ARCANO VI - OS ENAMORADOS


Eu e o Alex Gozblau fizemos um conto de fadas. «O quê, um conto de fadas?» Sim, sim. E esta é a penúltima ilustração do livro...  

sexta-feira, 23 de novembro de 2012

GENTE QUE CAMINHA NO ESCURO


Quem puder, não deve deixar de passar hoje pela Biblioteca Municipal de Oeiras, onde o Rodolfo Castro é protagonista de mais uma sessão de contos que têm como público-alvo os adultos. Temas: «o desespero, o erotismo e a vingança». Começa às 21h30 e intitula-se «Histórias para gente que caminha no escuro». Na imagem, o livro Zezolla (2011), escrito pelo Rodolfo e magnificamente ilustrado por Richard Zela. Foi publicado no México, mas se lhe perguntarem ele é capaz de ter ainda alguns. É a versão mais negra, mais sinistra e mais cruel que alguma vez li da Gata Borralheira. Adorei.

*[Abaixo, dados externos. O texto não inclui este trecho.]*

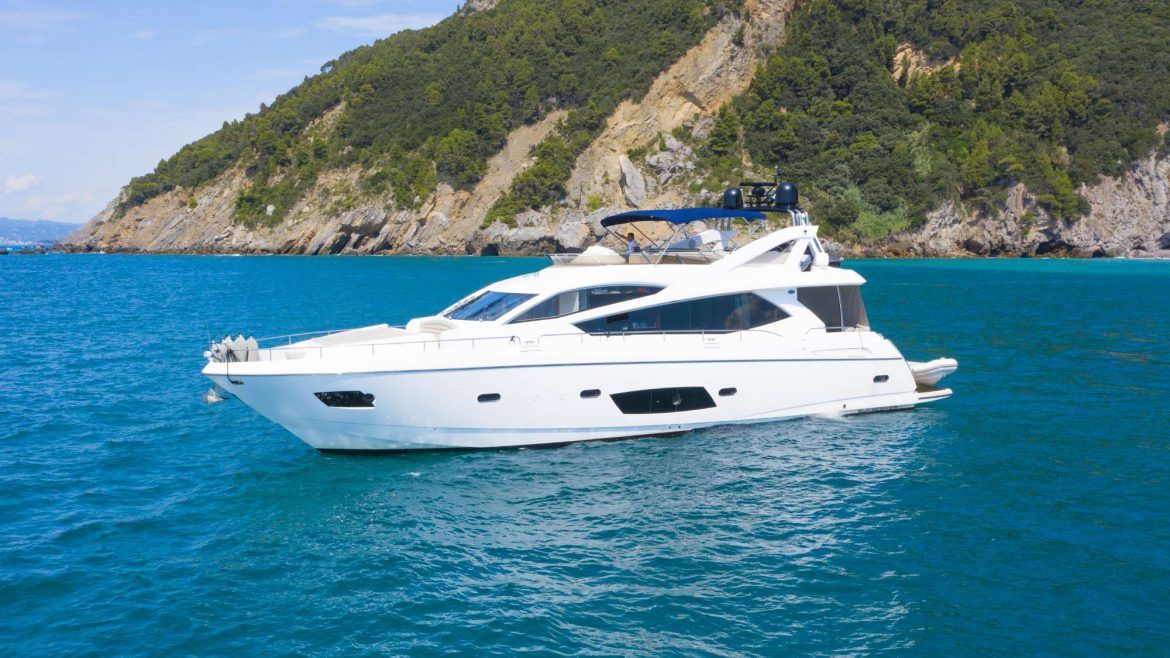 Sunseeker 73 Manhattan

quinta-feira, 22 de novembro de 2012

O JARDIM CURIOSO


De uma extinta linha férrea dos anos 1930, apropriada pela natureza, nasceu este lugar incrível, mais tarde ficcionado no livro O Jardim Curioso (Caminho). Falámos do caso aqui. Fotografias retiradas daqui.

quarta-feira, 21 de novembro de 2012

UMA EDITORA COM BOM FEITIO


Enquanto não chega o novo livro do Planeta Tangerina, não deixem de ler a entrevista a Isabel Minhós Martins, editora e escritora (ou escritora e editora?) publicada ontem no Blogtailors. Gostei especialmente deste bocadinho: “Já alguma vez lhe apeteceu deixar de falar com um jornalista/crítico na sequência de uma crítica literária?” “Credo, não.” Ler tudo aqui.

ONDE VIVEM OS MONSTROS


Vivem na livraria Papa-Livros, no Porto, onde na próxima sexta-feira, entre as 15h00 e as 20h00, decorre a 1ª Feira de Oportunidades da Kalandraka. "Grandes títulos a pequenos preços", eis o mote. Se os monstros não vão faltar, quem é que se atreve?

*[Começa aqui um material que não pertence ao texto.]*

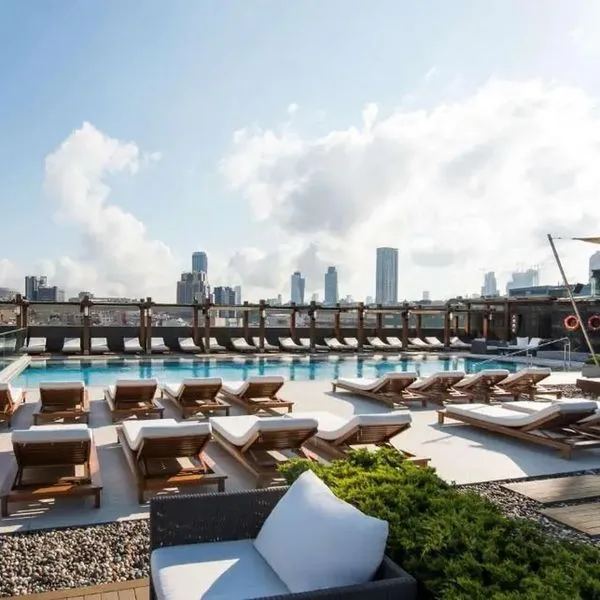 Hilton Istanbul Bomonti - zdjęcie 2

terça-feira, 20 de novembro de 2012

DIREITOS DA CRIANÇA


A 20 de Novembro de 1989 era adoptada a Convenção sobre os Direitos da Criança pela Assembleia Geral das Nações Unidas. A editora OQO assinalou a data lembrando um dos títulos que me fazem hesitar na classificação cabal de “livro para crianças”: Fumo, de Antón Fortes e Joana Concejo, sobre o horror dos campos de concentração nazis. Para lembrar e não deixar que palavras bonitas se esvaiam em fumo.  

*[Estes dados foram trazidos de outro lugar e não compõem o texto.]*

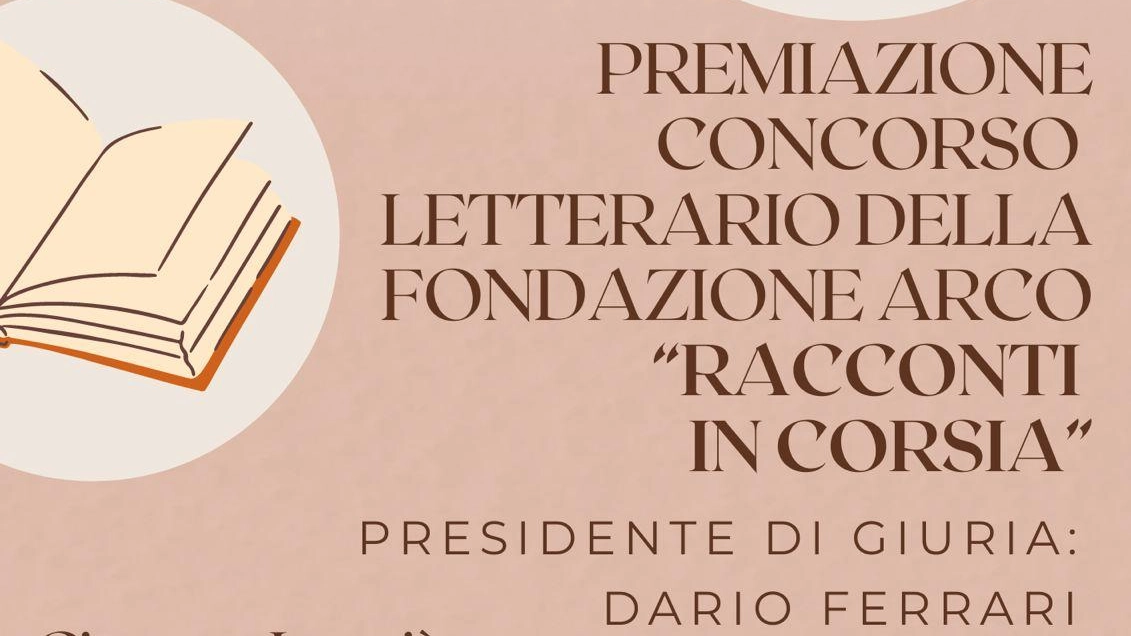 La locandina dell'evento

sábado, 10 de novembro de 2012

sexta-feira, 9 de novembro de 2012

ROCK'N'ROLL NIGGER



Quem vê músicas vê corações? Je ne sais pas. A ser verdade, o meu é assim, entre o negro, o azul e o numinoso:

FISHERS Z – So Long
JOSÉ AFONSO – Vejam Bem
STRANGLERS – Golden Brown
NATALIE MERCHANT – The Sleepy Giant
THE WALKABOUTS – The River People
BRUCE SPRINGSTEEN – Youngstown
NICK CAVE AND THE BAD SEEDS – The Ballad of Robert Moore and Betty Coltrane
PATTI SMITH – Rock’n’roll Nigger
PINK FLOYD – Comfortably Numb
HANK WILLIAMS – Alone and Foresaken
JACQUES BREL – Mathilde
SCREAMIN’ JAY HAWKINS – I Put a Spell on You
ROLLING STONES – Paint it Black
NEIL YOUNG – Dead Man Soundtrack
KRISTIN HERSH – Houdini Blues
MÃO MORTA – Tu Disseste
JOHNNY CASH – I Won’t Back Down
LITTLE ANNIE – Freddy and Me
TOM WAITS – Yesterday is Here
LOU REED – Sword of Damocles
LLOYD COLE – Chelsea Hotel
MARTHA AND THE MUFFINS – Echo Beach

(Esta foi a lista. Para ouvir o compacto da Play-List na TSF, clicar aqui.)

LER POR AÍ

Sabiam que a LER já chegou ao formato digital e pode ser lida em qualquer parte do mundo? Ver aqui.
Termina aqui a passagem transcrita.